It is easy to reason that ‘DDT kills mosquitoes’ and that it is important to the health of humans to kill mosquitoes, but intuition says that this is too gross an ‘economy of thought’ to make such a simple cause-effect relation since ‘spraying DDT to kill mosquitoes’ is an intervention into the relational complexities of nature that are far beyond science’s grasp. Our experience-based intuition informs us that there are going to be major ‘externalities’ engendered in the dynamics of our common living space because cause-effect models, like all logical systems, are highly subjective and incomplete. It would be one thing if the physical space we are included in were an empty and non-participating void, as science, for economy of thought reasons, makes it out to be [in order to postulate the existence of independent things in themselves, one must postulate the existence of an absolute space and absolute time non-influential operating theatre for them to reside in]. In fact, science is built on semantic contrivance and its theories are dependent on the language conventions we use to formulate our hypotheses.
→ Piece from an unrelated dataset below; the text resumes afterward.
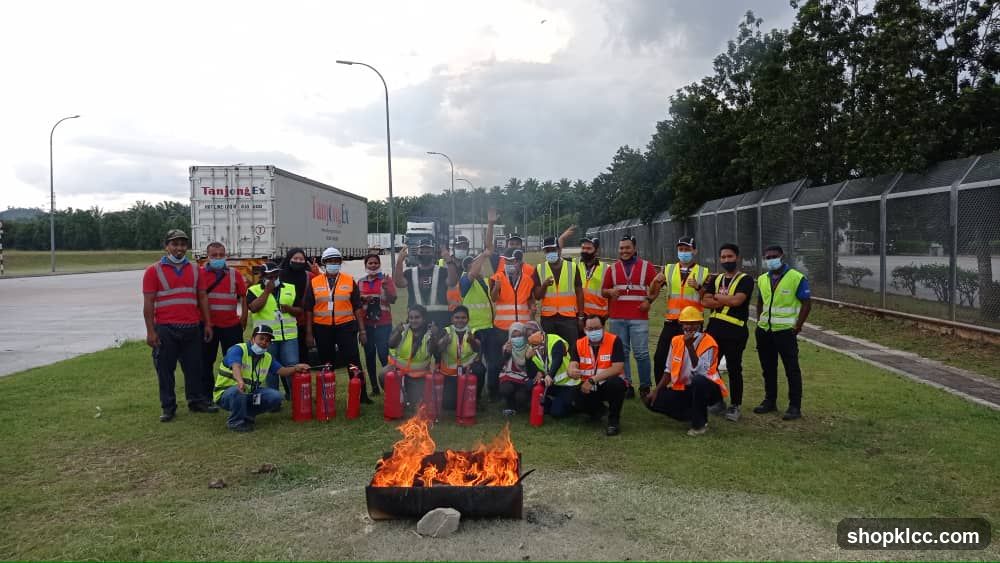 Group with fire extinguishers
As Poincaré observes;
“Space is another framework we impose upon the world” . . . ” . . . here the mind may affirm because it lays down its own laws; but let us clearly understand that while these laws are imposed on our science, which otherwise could not exist, they are not imposed on Nature.” . . . “Euclidian geometry is . . . the simplest, . . . just as the polynomial of the first degree is simpler than a polynomial of the second degree.” . . . “the space revealed to us by our senses is absolutely different from the space of geometry.” . . . “Finally, our Euclidean geometry is itself only a sort of convention of language; mechanical facts might be enunciated with reference to a [relational] non-Euclidean space which would be a guide less convenient than, but just as legitimate as, our ordinary space ; the enunciation would thus become much more complicated, but it would remain possible. Thus absolute space, absolute time, geometry itself, are not conditions which impose themselves on mechanics ; all these things are no more antecedent to mechanics than the French language is logically antecedent to the verities one expresses in French.” – Henri Poincare, Science and Hypothesis
The point here is this; science and reason, in their attempt to deliver ‘economy of thought’, skim over the the phenomenal complexity in nature that meanwhile, comes directly to us through our experience-based intuition.
As F. David Peat observes, our natural intuitive understanding of complexity as children, seems to sublimate beneath layers of simplification added by our adult education;
“To the infant’s developing mind, topology comes before geometry. In general, deeper and more fundamental logical operations are developed earlier than more specific rules and applications. The history of mathematics, which is generally taken as a process of moving towards deeper and more general levels of thought, could also be thought of as a process of excavation which attempts to uncover the earliest operations of thought in infancy. According to this argument, the very first operations exist at a pre-conscious level [i.e. ‘pre-intellectualizing’ level in the conscious and intuitive infant] so that the more fundamental a logical operation happens to be, the earlier it was developed by the infant and the deeper it has become buried in the mind.” – F. David Peat, ‘Mathematics and the Language of Nature’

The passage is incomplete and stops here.